◆ Problem to work on ◆
Omit the images and output every line of the data below exactly.

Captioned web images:
▽
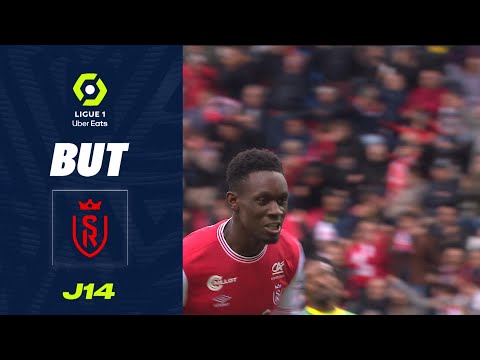 But Folarin BALOGUN (83' pen - SdR) STADE DE REIMS - FC NANTES (1-0) 22/23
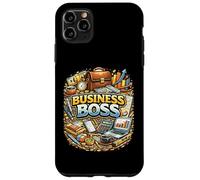 Business Boss Entrepreneur Mindset Daily Hustle Graphic Case for iPhone 11 Pro Max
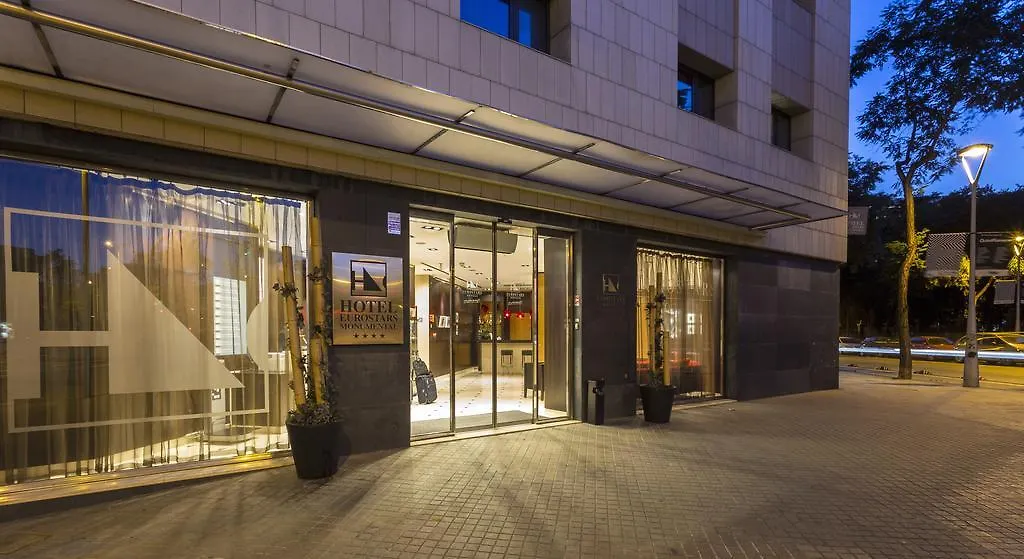 Hotel Eurostars Monumental Barcellona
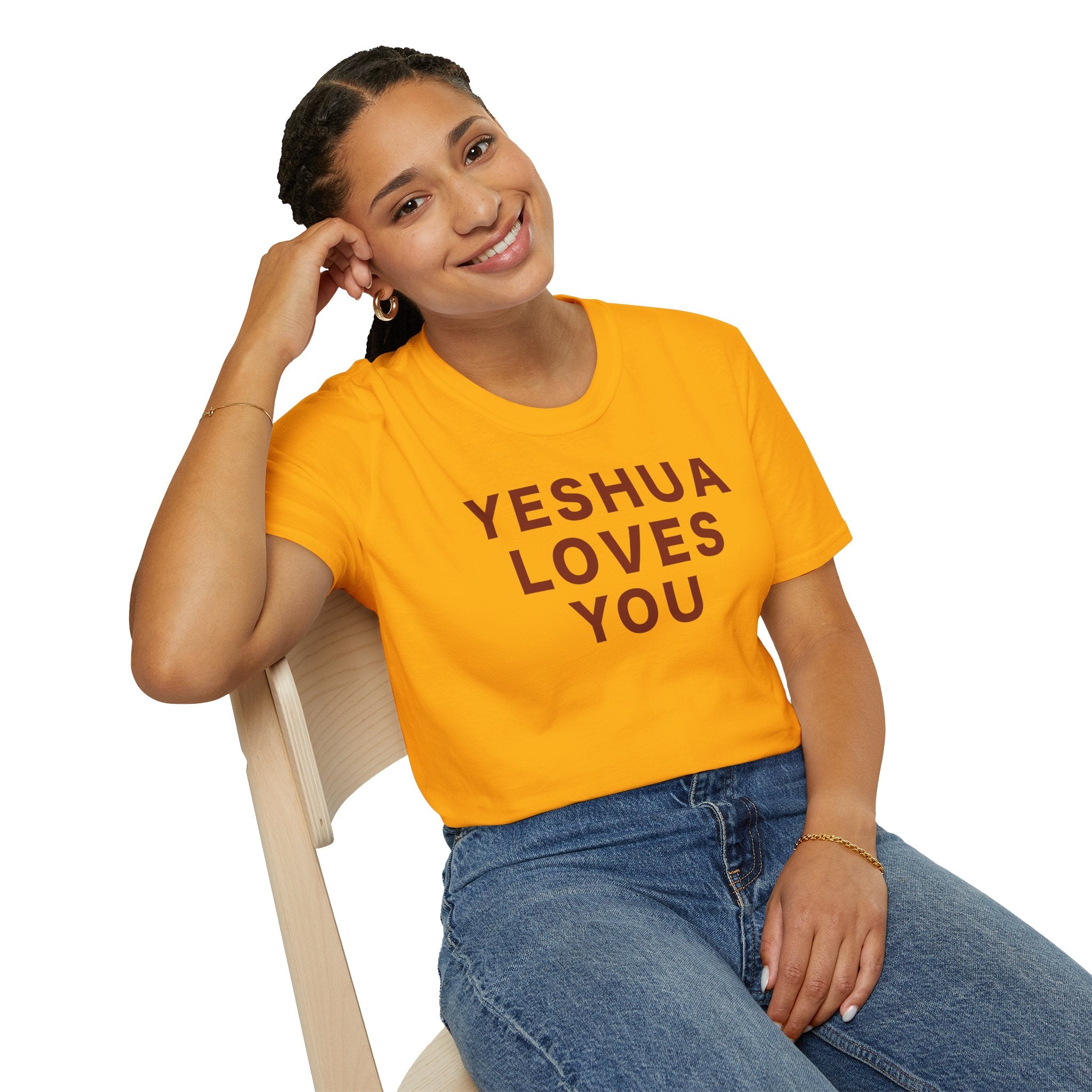 YESHUA LOVES YOU T-Shirt  (Unisex)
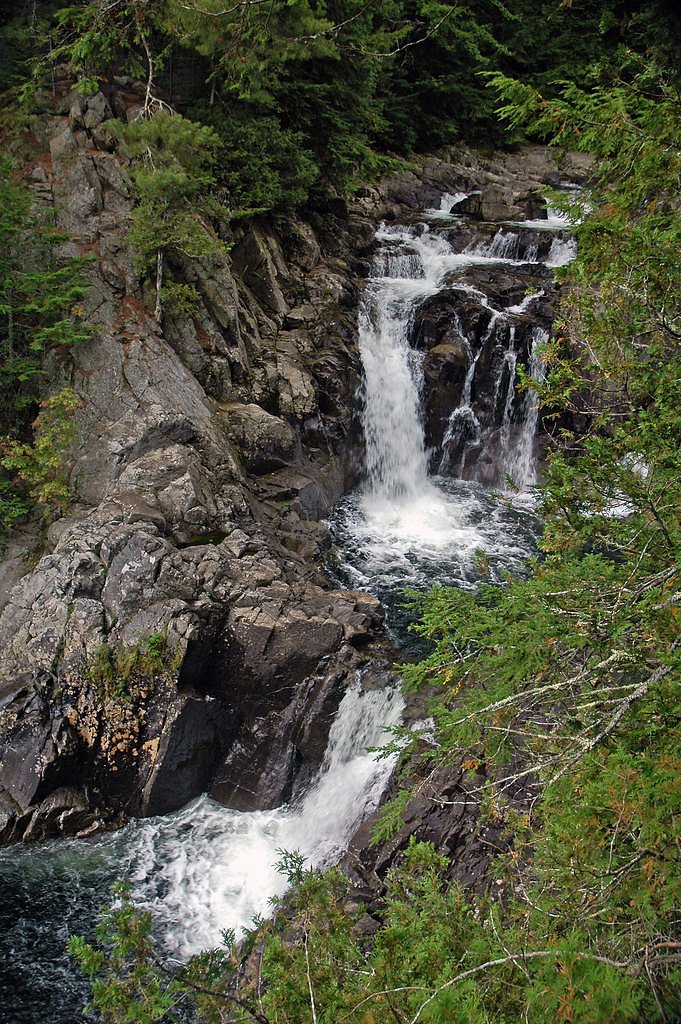 Split Rock Falls waterfall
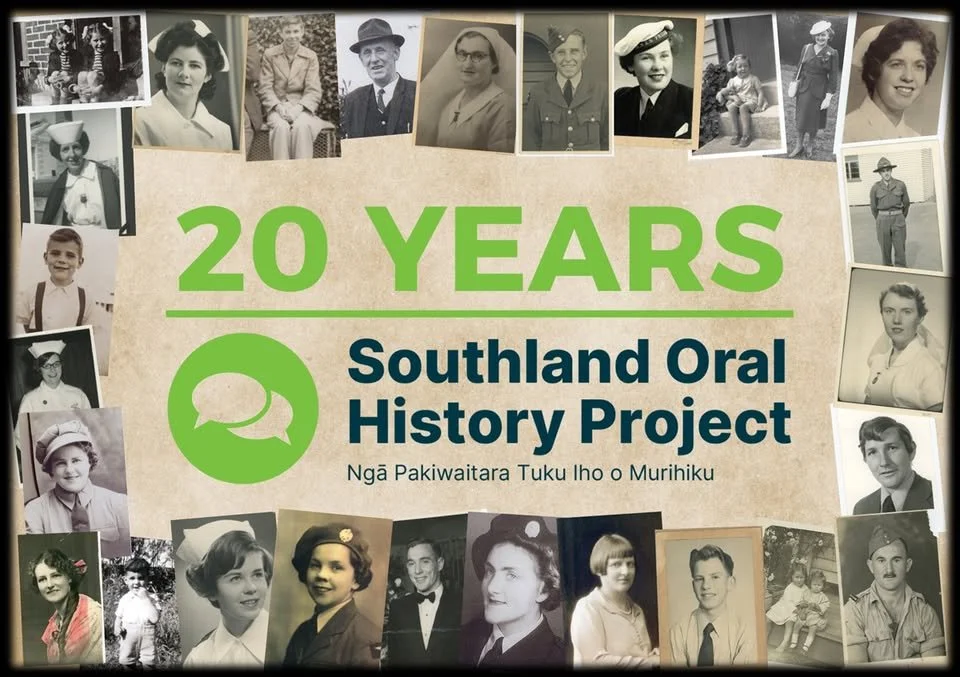 SHM – CELEBRATING 20 YEARS OF THE SOHP - The Southland Oral History Project marks its 20th anniversary this year and was the focus of the Southland Heritage Month Opening Event. Project Coordinator Rosie Stather joins Senga to discuss the project’s j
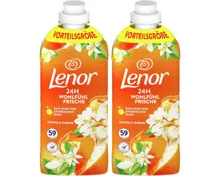 Lenor Orange Verbene 2x59 Waschgänge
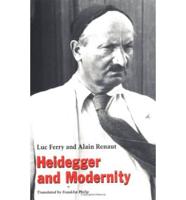 Heidegger and Modernity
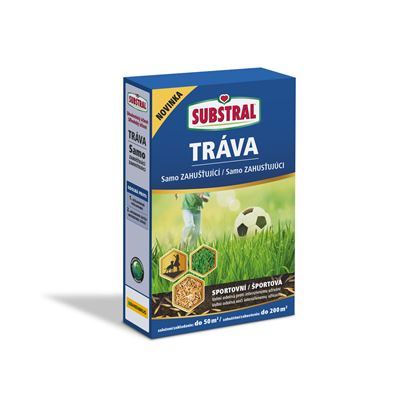 Travní směs Substral Sport Samo zahušťující 1 kg (do 50/200m2) 1 ks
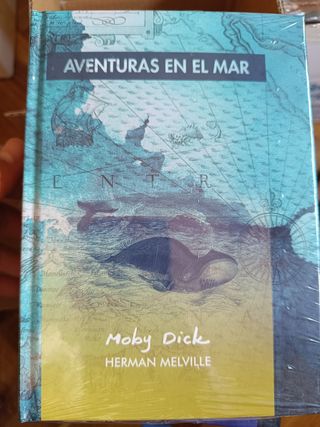 Libros "Aventuras en el mar"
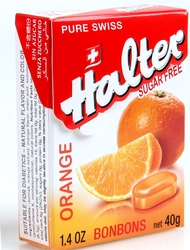 Halter Sugar Free Candy - Orange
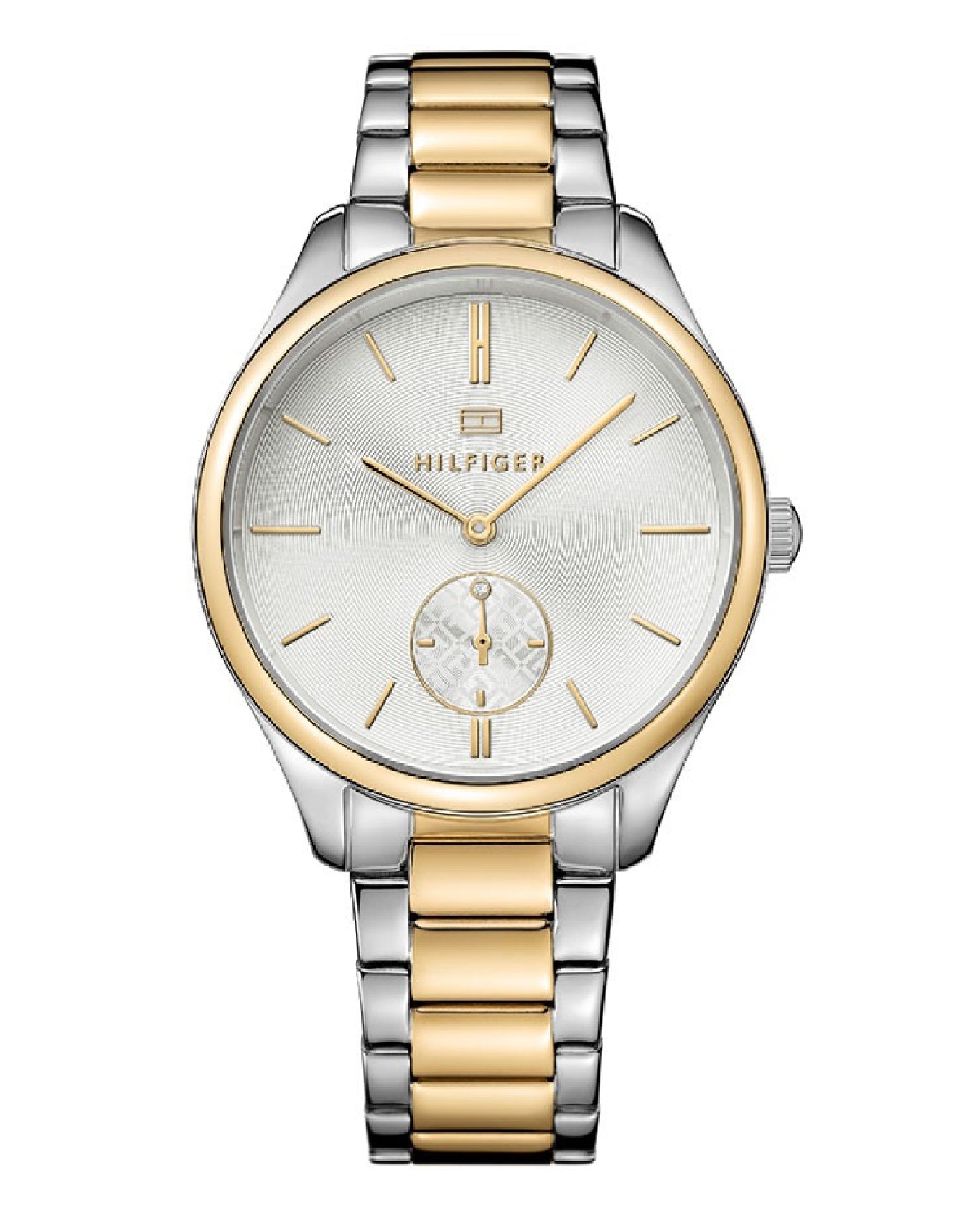 Tommy Hilfiger 1781577 Tommy Hilfiger Sofia Silver Yellow Gold Plated Watch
△
◆ Result of this exercise ◆
 But Folarin BALOGUN (83' pen - SdR) STADE DE REIMS - FC NANTES (1-0) 22/23
 Business Boss Entrepreneur Mindset Daily Hustle Graphic Case for iPhone 11 Pro Max
 Hotel Eurostars Monumental Barcellona
 YESHUA LOVES YOU T-Shirt  (Unisex)
 Split Rock Falls waterfall
 SHM – CELEBRATING 20 YEARS OF THE SOHP - The Southland Oral History Project marks its 20th anniversary this year and was the focus of the Southland Heritage Month Opening Event. Project Coordinator Rosie Stather joins Senga to discuss the project’s j
 Lenor Orange Verbene 2x59 Waschgänge
 Heidegger and Modernity
 Travní směs Substral Sport Samo zahušťující 1 kg (do 50/200m2) 1 ks
 Libros "Aventuras en el mar"
 Halter Sugar Free Candy - Orange
 Tommy Hilfiger 1781577 Tommy Hilfiger Sofia Silver Yellow Gold Plated Watch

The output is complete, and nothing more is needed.